US President Donald Trump and Democratic People’s Republic of Korea (DPRK) leader Kim Jong-un met again in Hanoi on 27-28 February on the back of a landmark meeting in Singapore last June. What started out as a hopeful dialogue for the two leaders looking to cement their “special relationship” was ultimately short-lived due to the failure in matching each other’s demands for sanctions and denuclearisation. Empty-handed from the summit, President Trump is aiming for a trade deal in May with Chinese President Xi Jinping. While the spectre of an escalatory tariff war may have receded, how the looming US-China tech war will unfold and what impacts the prospective deal would hold for US-Sino strategic competition, and the region, remain hazy and uncertain.
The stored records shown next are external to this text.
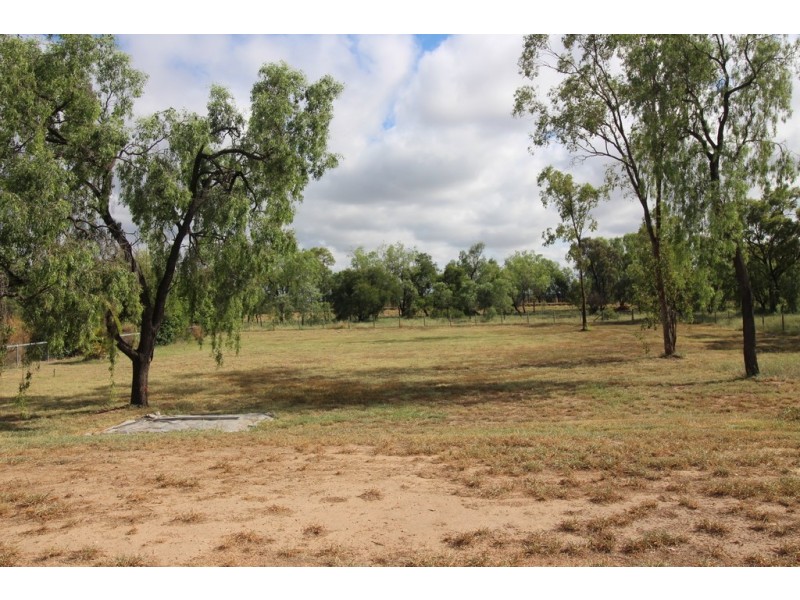11 Birch Drive, Emerald QLD 4720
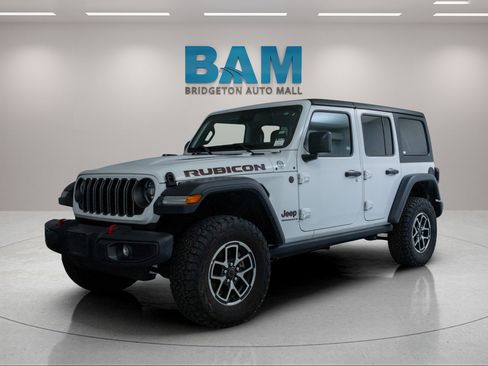 Used 2025 Jeep Wrangler Unlimited Rubicon AWD/4WD image 3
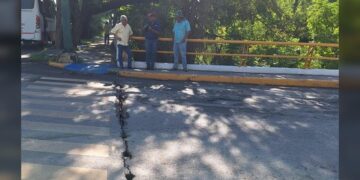 Supervisa Obras Públicas estructura de puentes viales de boulevares de la ciudad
Compared to the overriding strategic imperative to deal with the DPRK and China, Southeast Asia appears to be an afterthought to US foreign policy even as the Trump Administration consistently emphasises the importance attached to ASEAN in its Indo-Pacific strategy. The US has to step up efforts to re-assert its narrative and visibility in the region as Southeast Asians persist in their downcast view of US reliability and influence according to the ASEAN Studies Centre’s latest survey. In this issue, Dr. Tang Siew Mun assesses the current trajectory of the ASEAN-US relations.
Closer to home, election fever has descended upon the region. Thailand’s first general election since the 2014 military coup was a critical test to its return to democracy, with some 51 million Thais casting their ballots on 24 March. Meanwhile, more than 190 million Indonesian voters performed their civic duty for the country’s first ever simultaneous presidential and legislative elections on 17 April. Identity politics, fake news, and the economy loomed over the presidential race that pitted President Joko Widodo against his rival from 2014, Mr. Prabowo Subianto. Provisional results pointing to a victory for the incumbents should lift any lingering uncertainty not only for the two countries but also for ASEAN as Thailand is the ASEAN Chair this year and Indonesia the largest member leading the pack on the development of an ASEAN Indo-Pacific outlook.
A common thread running through both elections is the power of the youth vote. Around 7 million young Thais, 10% of eligible voters, cast their ballot for the first time while over a third of Indonesia’s electorate are millennials. With more than half of the region’s population under the age of 30, young people in ASEAN have the potential to effect positive change. Ms. Moe Thuzar looks into the initiatives by the region’s youth that contribute to ASEAN community building as well as ASEAN’s efforts to galvanise their voice and energy.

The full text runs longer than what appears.